Go through the listing below from the line containing "Brand New Set" to its last line, retyping each line exactly and nothing else.

##### Material for the task #####

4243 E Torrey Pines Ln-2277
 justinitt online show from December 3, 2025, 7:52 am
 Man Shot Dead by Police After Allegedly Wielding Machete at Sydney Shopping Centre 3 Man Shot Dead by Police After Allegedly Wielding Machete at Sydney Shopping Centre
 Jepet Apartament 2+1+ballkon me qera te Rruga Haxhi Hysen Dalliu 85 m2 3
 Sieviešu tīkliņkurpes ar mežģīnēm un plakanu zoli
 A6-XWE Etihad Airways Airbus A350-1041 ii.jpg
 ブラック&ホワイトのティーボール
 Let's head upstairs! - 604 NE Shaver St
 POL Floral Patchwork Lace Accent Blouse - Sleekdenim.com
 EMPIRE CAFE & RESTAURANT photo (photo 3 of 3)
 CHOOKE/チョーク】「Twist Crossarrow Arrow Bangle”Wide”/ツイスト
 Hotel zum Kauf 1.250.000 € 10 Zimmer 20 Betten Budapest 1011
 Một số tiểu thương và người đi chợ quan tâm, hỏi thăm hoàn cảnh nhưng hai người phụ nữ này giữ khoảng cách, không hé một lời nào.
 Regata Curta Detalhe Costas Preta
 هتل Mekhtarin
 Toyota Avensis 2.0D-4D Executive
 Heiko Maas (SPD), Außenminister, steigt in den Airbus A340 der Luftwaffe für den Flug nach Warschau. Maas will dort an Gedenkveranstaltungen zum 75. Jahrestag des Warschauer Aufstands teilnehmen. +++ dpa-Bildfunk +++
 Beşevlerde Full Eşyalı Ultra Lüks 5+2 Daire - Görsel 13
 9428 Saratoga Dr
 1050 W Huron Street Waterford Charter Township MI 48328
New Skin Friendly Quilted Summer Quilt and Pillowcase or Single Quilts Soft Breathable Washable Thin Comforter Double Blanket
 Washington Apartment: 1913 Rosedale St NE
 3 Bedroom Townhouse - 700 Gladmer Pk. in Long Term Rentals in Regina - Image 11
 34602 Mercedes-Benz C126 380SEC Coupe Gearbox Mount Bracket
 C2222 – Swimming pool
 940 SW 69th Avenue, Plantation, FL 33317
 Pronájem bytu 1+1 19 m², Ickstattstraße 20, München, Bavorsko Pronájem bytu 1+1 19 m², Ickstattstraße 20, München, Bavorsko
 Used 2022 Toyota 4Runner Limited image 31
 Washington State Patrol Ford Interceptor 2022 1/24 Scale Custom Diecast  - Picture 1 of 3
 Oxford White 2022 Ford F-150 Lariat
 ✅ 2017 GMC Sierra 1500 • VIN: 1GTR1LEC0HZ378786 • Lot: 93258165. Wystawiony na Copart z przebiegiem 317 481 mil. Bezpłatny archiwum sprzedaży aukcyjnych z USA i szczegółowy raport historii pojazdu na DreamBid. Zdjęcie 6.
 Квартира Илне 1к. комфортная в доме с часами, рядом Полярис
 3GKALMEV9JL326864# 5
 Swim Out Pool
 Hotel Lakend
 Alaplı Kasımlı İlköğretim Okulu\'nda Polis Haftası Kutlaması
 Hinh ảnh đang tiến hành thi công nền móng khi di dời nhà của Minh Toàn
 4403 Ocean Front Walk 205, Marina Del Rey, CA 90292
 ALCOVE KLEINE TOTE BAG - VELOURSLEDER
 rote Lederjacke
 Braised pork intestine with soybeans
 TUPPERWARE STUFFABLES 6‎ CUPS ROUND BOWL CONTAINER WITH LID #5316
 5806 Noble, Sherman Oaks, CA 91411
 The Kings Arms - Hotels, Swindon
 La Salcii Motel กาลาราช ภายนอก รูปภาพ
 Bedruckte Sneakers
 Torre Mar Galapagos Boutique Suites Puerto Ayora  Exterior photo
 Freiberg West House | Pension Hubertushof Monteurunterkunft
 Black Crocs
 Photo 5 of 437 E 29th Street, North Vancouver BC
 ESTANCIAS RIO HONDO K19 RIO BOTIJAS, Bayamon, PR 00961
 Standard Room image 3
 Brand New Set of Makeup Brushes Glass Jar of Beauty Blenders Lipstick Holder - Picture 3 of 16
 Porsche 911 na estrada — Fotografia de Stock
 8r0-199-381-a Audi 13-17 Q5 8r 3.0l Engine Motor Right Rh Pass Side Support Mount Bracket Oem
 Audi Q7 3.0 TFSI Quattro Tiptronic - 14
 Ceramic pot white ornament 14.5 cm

#####

- **Response**:
 Brand New Set of Makeup Brushes Glass Jar of Beauty Blenders Lipstick Holder - Picture 3 of 16
 Porsche 911 na estrada — Fotografia de Stock
 8r0-199-381-a Audi 13-17 Q5 8r 3.0l Engine Motor Right Rh Pass Side Support Mount Bracket Oem
 Audi Q7 3.0 TFSI Quattro Tiptronic - 14
 Ceramic pot white ornament 14.5 cm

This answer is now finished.